Temel Eğitim Programı, 8 yıllık zorunlu ilköğretimi yaşama geçiren 4306 sayılı yasanın sonucunda ortaya çıkan yeni temel eğitim stratejisinin uygulanacağı bir hareket programıdır. Temel Eğitim Programının hedefleri sekiz yıllık ilköğretimi yaygınlaştırarak evrensel bir kapsama ulaştırmak, ilköğretimin kalitesini artırmak ve ilköğretim okullarına ilgiyi çoğaltarak buraları toplum için birer öğrenme kaynağı haline getirmektedir.

MEB TTKB tarafından 2000’li yıllarda program geliştirme çalışmaları başlamıştır. Taslak niteliğinde hazırlanan eğitim programlarının 2004-2005 yılında pilot okullarda ilköğretim birinci kademede deneme uygulaması yapılmıştır. MEB 2004 programları aşağıdaki modele göre geliştirilmiştir ( Akbaba,2004:19).

1.8. İlköğretimde Program Değişikliklerinin Gereklilikleri

Son yıllarda, eğitim alanında yapılmış birçok araştırma ve incelemeden elde edilen bulgular eğitim-öğretim programlarında değişim ve dönüşümün gerekliliğini ortaya koymuştur. Milli Eğitim Bakanlığı, hem akademik çevrelerin araştırma ve bulgularını, deneyimlerini hem de eğitim camiasının diğer temsilcilerinin görüşlerinden de yararlanarak program geliştirme çalışmalarına başlamıştır. Milli Eğitim Bakanlığı, ilköğretimde program değişikliğinin gerekliliğini 14 maddede ortaya koymuştur.

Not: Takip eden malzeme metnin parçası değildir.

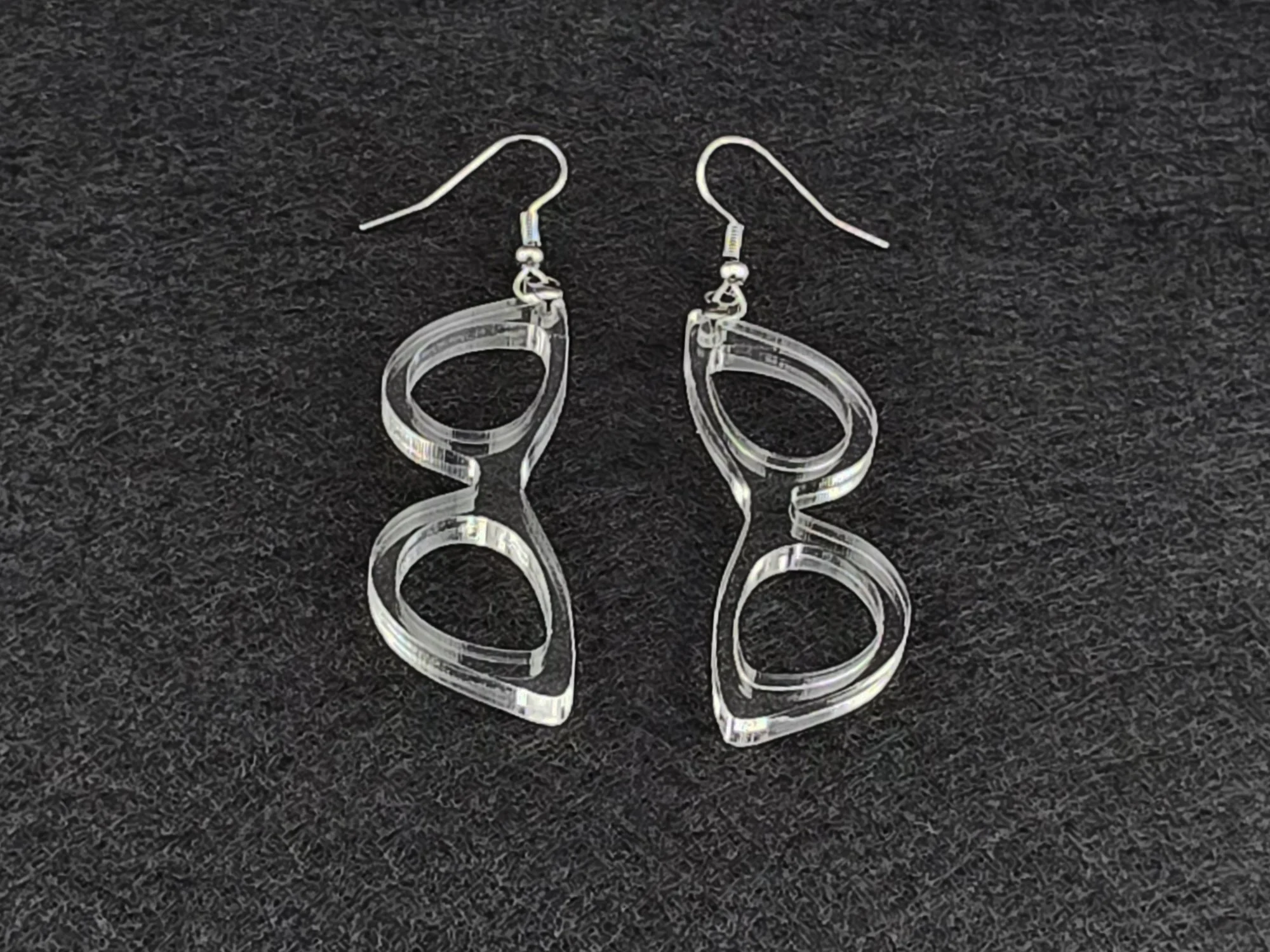Clear acrylic cat-eye earrings shown at an angle on a charcoal background, highlighting the cut linework with no color tint.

1. Değişik bilim alanlarındaki araştırma bulgularının ve eğitim bilimlerinde öğretme öğrenme anlayışındaki gelişmelerin yöntem ve içerik olarak öğretim programlarına yansıtılması,

2. Eğitimde kaliteyi artırmak ve eşitliği sağlamak,

3. Ekonomiye ve demokrasiye duyarlı bir eğitim ihtiyacı,

4. Bireysel ve ulusal değerlerin küresel değerleri de dikkate alarak geliştirilmesi ihtiyacı,

5. Mevcut öğretim programları uygulamaları kapsamında öğrencilerin çoğunluğunda okula, öğrenmeye, okumaya tepki düzeyinde bir isteksizlik olması,

6. Mevcut öğretim programlarında konuların çok kapsamlı ve ezbere dayalı bilgi yoğunluklu olması nedeniyle, konuların zamanında bitirilememesi ve çoğu zaman sıkıştırılıp öğrenilmeden bitirilmesinin tercih edilmesi,

7. Programda yer alan konuların birçoğunun çocukların yaş ve gelişim düzeylerine uygun olmaktan, onların merak ve ilgilerini karşılamaktan uzak olması,

8. Okulda kazandırılmaya çalışılan yaşantı biçimleri ile gerçek dünyanın çoğu kez uyum içinde olmaması,

9. Sekiz yıllık kesintisiz zorunlu ilköğretim uygulaması ile ilkokul ve ortaokul programları üst üste eklendiği için, temel eğitimde program bütünlüğünün olmaması, 10. Dikey eksende, temel eğitimde birinci sınıftan-sekizinci sınıfa her bir dersin kendi içinde kavram bütünlüğünün olmaması,

11. Yatay eksende, dersler arasında yeterli paralelliğin sağlanmamış olması,

12. Ekonomik ve toplumsal gelişmelerin bir sonucu olarak, bireylerin yaratıcılık, eleştirel düşünme, problem çözme, karar verme, işbirliği yeterliklerini kazanmalarının daha bir önem kazanmış olması,

13. Kendini ifade edebilen, iletişim kurabilen, girişimcilik ruhuna sahip vatandaşlar yetiştirme gerekliliğinin daha baskın konuma gelmesi,

14. Çocuklarımızın, ülke çapında ya da uluslar arası değerlendirmelerde beklenen düzeyde başarı gösterememesi (Karip, 2005, 14).